1868 hat Martha Jones als erste afroamerikanische Frau ein US-Patent für die Erfindung einer landwirtschaftlichen Maschine erhalten, die Mais in einem Arbeitsgang schält und entpelzt.

Nach dem Ersten Weltkrieg war es Coco Chanel (1883-1971), die zur „Pionierin der Frauenhose“ wurde.  Zuvor waren Hosen lediglich Männern vorbehalten. Das Tragen von Modeschmuck war ebenso revolutionär, da sie die Frauen durch ihre Mode von konventionellen Zwängen befreien wollte und ihnen einen selbstbewussten, modernen Auftritt ermöglichten. Sie kreierte auffälligen Modeschmuck, der bezahlbar wurde, ohne jegliche Eleganz zu verlieren.

Eine bedeutende deutsche Politikerin war Louise Schroeder (1887-1957). Sie war die erste Oberbürgermeisterin Berlins und brachte 1920 in der Weimarer Nationalversammlung das erste Mutterschutzgesetz in Deutschland ein. Unter dem Beinamen „Mutter Courage Berlins“ ist sie besser bekannt. Sie führte die Geschäfte während der sowjetischen Blockade kommissarisch weiter, da Ernst Reuter von der Sowjetunion nicht akzeptiert wurde.

Emma Sophie Schwarzhaupt (1901-1986) war die erste Frau, die in einem Kabinett der Bundesrepublik Deutschland angehörte und war Bundesministerin für Gesundheitswesen der CDU.

„Lenelotte“ von Bothmer (1915-1997) war eine deutsche SPD-Politikerin und Schriftstellerin. Einen Skandal löste sie am 14.10.1970 aus, weil sie als erste Frau in einem Hosenanzug im Plenum erschien.

Eine weitere berühmte Wissenschaftlerin war Elisabeth Mann Borgese (1918-2002). Sie war eine Seerechtsexpertin und Autorin und das erste weibliche Mitglied im Club of Rome.

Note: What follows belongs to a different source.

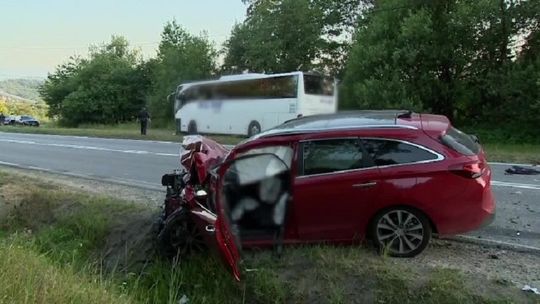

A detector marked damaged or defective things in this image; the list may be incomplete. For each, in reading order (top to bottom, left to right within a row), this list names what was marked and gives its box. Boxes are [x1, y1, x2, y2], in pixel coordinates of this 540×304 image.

crumpled car hood [181, 136, 230, 183]
severely damaged red car [156, 111, 494, 280]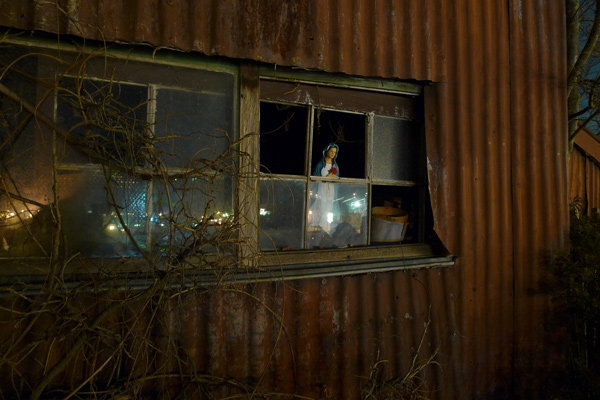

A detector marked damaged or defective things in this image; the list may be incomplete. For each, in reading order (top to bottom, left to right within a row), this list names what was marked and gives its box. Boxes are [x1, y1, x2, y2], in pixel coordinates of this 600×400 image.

Bereits 1963 durfte Annerose Neumann im DDR-Fernsehen die Nachrichten verlesen. In der BRD war dies erst 1971 durch Wibke Bruhns im „ZDF heute“. Dagmar Berghoff war in der Hauptausgabe der ARD-Tagesschau die erste weibliche Sprecherin. Die Einführung weiblicher Nachrichtensprecherinnen stieß anfangs auf Widerstand der Zuschauer.

Frau Dr. de la Roi-Frey ging immer wieder auch auf die gesellschaftlichen Entwicklungen ein, etwa die Einführung des Frauenwahlrechts im Jahr 1918 in Deutschland, das einen bedeutenden Schritt in Richtung Gleichberechtigung darstellte.

Der Vortrag machte deutlich, mit wie viel Mut, Durchhaltevermögen und Entschlossenheit diese Frauen ihren Weg gegangen sind und damit den Grundstein für viele Rechte gelegt haben, die heute selbstverständlich erscheinen.

Ein herzliches Dankeschön an Frau Dr. de la Roi-Frey für den kurzweiligen und informativen Vortrag. Es freut uns sehr, dass sie am 15. Dezember zu uns kommt mit dem Thema „Weihnachtsbriefe“.